Given the linear system
A = [1 0 0 -1 0 -1;
0 1 0 -1 -1 0;
0 0 1 0 -1 1];
A*x = 0
Where the elements of x are identified as:
x = [w l N d T M]';
Now, suppose that {d,T,M} have known, fixed values. What we need are the indices of these elements in x. We've chosen the 4th, 5th and 6th elements of x to be knowns.
known_idx = [4 5 6];
unknown_idx = setdiff(1:6,known_idx);
Now, let me pick some arbitrary numbers for those known variables.
xknown = [1; -3; 7.5];
We will partition A into two submatrices, corresponding to the known and unknown variables.
Aknown = A(:,known_idx);
Aunknown = A(:,unknown_idx);
Now, move the known values to the right hand side of the equality, and solve. See that Aknown is a 3x3 matrix, so the problem is (hopefully) well posed.
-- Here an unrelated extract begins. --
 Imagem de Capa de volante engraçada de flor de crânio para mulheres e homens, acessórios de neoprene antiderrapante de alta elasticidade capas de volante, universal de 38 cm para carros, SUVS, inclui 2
xunknown = Aunknown\(-Aknown*xknown)
xunknown =
-8.5
2
10.5
Combine it all into the final solution.
x = zeros(6,1);
x(known_idx) = xknown;
x(unknown_idx) = xunknown;
x =
-8.5
2
10.5
1
-3
7.5
Note that I've expanded this all out into a few lines to show what is happening more clearly. But I could have done it all in just a line or two of code had I wanted to be parsimonious.
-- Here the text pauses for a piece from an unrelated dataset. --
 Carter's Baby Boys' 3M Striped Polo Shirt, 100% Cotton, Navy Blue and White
Finally, see that had I chosen some other sets of numbers to be the knowns, such as {l,d,T}, then the resulting system would be singular. So you must watch for that event. A test on the rank of Aunknown might be useful to weed out the problems. Or you might choose to employ pinv to build the solution.
The system of equations is fixed? What if you store the variables present in your three equations in a list per equation:
(w, d, M)
(l, d, T)
(N, T, M)
Then you get the user input and you can calculate the number of variables given in each equation:
User input: w, N, M
Given variables:
(w, d, M) -> 2
(l, d, T) -> 0
(N, T, M) -> 1
This would trivially give you d from the first equation. Therefore you end up with two equations containing two variables and you know you the equation system you have to solve.
It's basically your own simple symbolic solver for a single system of equations.